Le député Gigart se trouve à la fin de la pièce dans la position de Mounier : il préside l’Assemblée au moment des journées d’octobre (scène 21). Mais ses interventions précédentes sont inspirées par d’autres personnages historiques. Dans la scène 17 par exemple, il emprunte à la fois à Lally-Tollendal et à Gouy d’Arcis (voir Citations), pourtant députés de la noblesse alors que lui est député du tiers. Il est donc un bon exemple de ces personnages composites, majoritaires dans la pièce.

Pour les autres personnages, il est moins évident de trouver des correspondances avec un personnage historique. Ce sont des compositions originales, qui peuvent avoir été inspirées notamment par les textes-sources. On découvre un M. Legrand et un M. Laville-Leroux dans le compte rendu de la séance de l’Assemblée du 23 juillet 1789[2] : sont-ils à l’origine des noms Lefranc et Possion-Laville ? Un Ménonville (ou Menonville selon les sources) a été député de la noblesse. Il a toujours été très discret, sauf le 4 juin 1791, lorsqu’il a tenté d’intercepter une adresse à l’Assemblée sur les gens de couleur. Est-ce une lointaine coïncidence, ou un emprunt volontaire pour le personnage du député Ménonville, joué par un acteur noir, Maxime Tshibangu ? À l’Assemblée, il y avait aussi un député Camus, Armand Gaston, qui sera plus tard à l’origine de la fondation des archives nationales. Il n’a rien d’autre en commun avec la députée Camus de la pièce que ce nom. Le député de la noblesse Dumont-Brézé emprunte une partie de son nom au maître des cérémonies Dreux-Brézé, personnage d’un épisode mythique de la Révolution, puisque c’est à lui que Mirabeau a répondu que les députés ne sortiraient que par la force des baïonnettes. Quant au député Cabri, élu du tiers particulièrement actif à droite de l’Assemblée, il porte le même nom que le vieux paysan qui se cache dans la montagne au début de la Marseillaise de Jean Renoir[3].
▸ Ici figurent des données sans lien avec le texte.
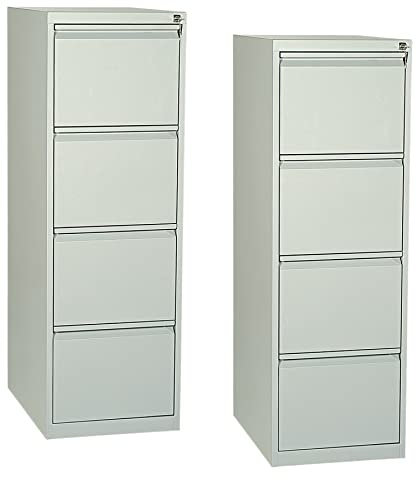 Schrank & Stuhl 2 Stück Hängeregisterschränke einbahnig – Hängemappenschränke mit je 4 Schüben für DIN A4, abschließbar, komplett montiert, 132 x 40 x 62 cm, Grau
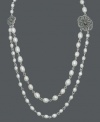 Drape yourself in polished pearls. Genevieve & Grace necklace adds poise with cultured freshwater pearls (4-8 mm) accented by glittering marcasite flowers. Set in sterling silver. Approximate length: 17 inches.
Avec la députée Lefranc, on voit comment Dupont devient Robespierre. Elle séduit par son engagement. Les positions qu’elle défend sont parmi les plus radicales. Ses passes d’armes rhétoriques, notamment face au député Gigart, la font aussi connaître. À la fin de la pièce, lorsqu’elle se présente au roi et à la reine qui viennent d’arriver aux Tuileries, tous deux s’exclament : « C’est vous ? » (ÇI, 123) Le nom de l’humble députée du peuple est déjà connu au plus haut de l’État. La réputation a précédé la personne.

Un autre homme du peuple se fait un nom, partant de plus loin encore, puisqu’il n’est pas nommé sur la liste des personnages. Dans les premières scènes représentant les assemblées populaires, il est simplement « un homme ». Le spectateur remarque peut-être son sweat à capuche GAP. Dans la scène 16, il ne prend pas la parole, mais il est désigné par l’expression « un habitant en armes » dans une didascalie. Sur la liste des personnages comme au début des répliques qu’il prononce dans la scène 23, il est « membre de la police citoyenne ». Mais en changeant de statut et de costume – il porte désormais un treillis et un béret rouge –, il a acquis le pouvoir de se nommer lorsqu’il accueille le roi et la reine :

Membre de la police citoyenne. Madame, monsieur, je me présente : Charles Dutreuil, lieutenant de la police municipale citoyenne de Paris, c’est moi qui ai eu l’honneur de vous décorer sur le parvis de l’Hôtel de Ville en juillet dernier. Je suis chargé d’assurer votre sécurité à l’intérieur de cette résidence, je m’en réjouis.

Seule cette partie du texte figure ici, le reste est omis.